#### YOUR ASSIGNMENT:
Look below for the line with "adoptable Cat in parlier, CA named Teddy"; begin the copy there and stop after the line with "Whispers of the", keeping the text exact and the pictures out.

Data entries
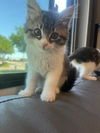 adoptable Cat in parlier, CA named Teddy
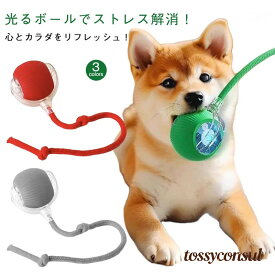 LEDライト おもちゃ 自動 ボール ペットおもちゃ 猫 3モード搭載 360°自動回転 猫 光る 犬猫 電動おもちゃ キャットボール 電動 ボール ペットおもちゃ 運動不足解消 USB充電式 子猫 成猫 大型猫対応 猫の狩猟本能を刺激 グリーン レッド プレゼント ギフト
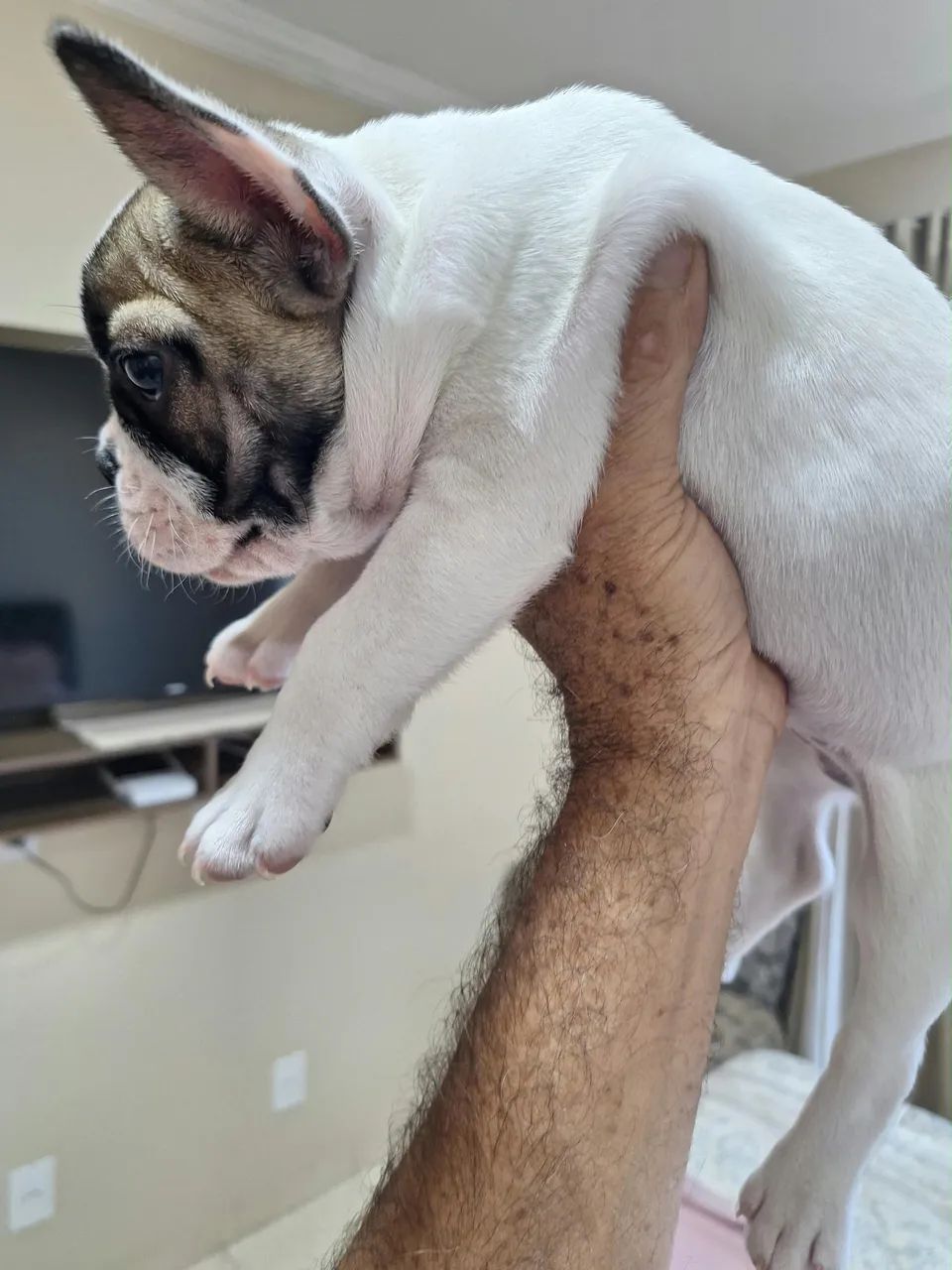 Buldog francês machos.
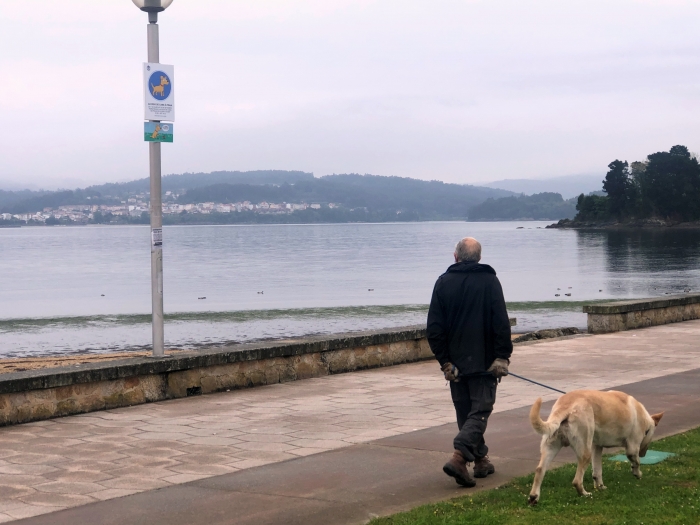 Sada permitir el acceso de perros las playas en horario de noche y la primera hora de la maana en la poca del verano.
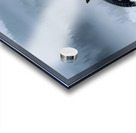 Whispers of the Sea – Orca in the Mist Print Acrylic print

---

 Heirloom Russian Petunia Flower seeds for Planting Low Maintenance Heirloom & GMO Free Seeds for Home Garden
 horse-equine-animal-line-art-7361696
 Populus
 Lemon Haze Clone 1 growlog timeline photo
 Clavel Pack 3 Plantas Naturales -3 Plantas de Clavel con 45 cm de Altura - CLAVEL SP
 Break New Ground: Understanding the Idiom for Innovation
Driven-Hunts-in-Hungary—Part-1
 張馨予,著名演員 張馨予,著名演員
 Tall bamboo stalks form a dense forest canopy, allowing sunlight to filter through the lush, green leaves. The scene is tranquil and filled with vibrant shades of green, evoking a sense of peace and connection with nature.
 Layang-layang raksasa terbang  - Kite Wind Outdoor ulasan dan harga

#### ANSWER SPACE:
 adoptable Cat in parlier, CA named Teddy
 LEDライト おもちゃ 自動 ボール ペットおもちゃ 猫 3モード搭載 360°自動回転 猫 光る 犬猫 電動おもちゃ キャットボール 電動 ボール ペットおもちゃ 運動不足解消 USB充電式 子猫 成猫 大型猫対応 猫の狩猟本能を刺激 グリーン レッド プレゼント ギフト
 Buldog francês machos.
 Sada permitir el acceso de perros las playas en horario de noche y la primera hora de la maana en la poca del verano.
 Whispers of the Sea – Orca in the Mist Print Acrylic print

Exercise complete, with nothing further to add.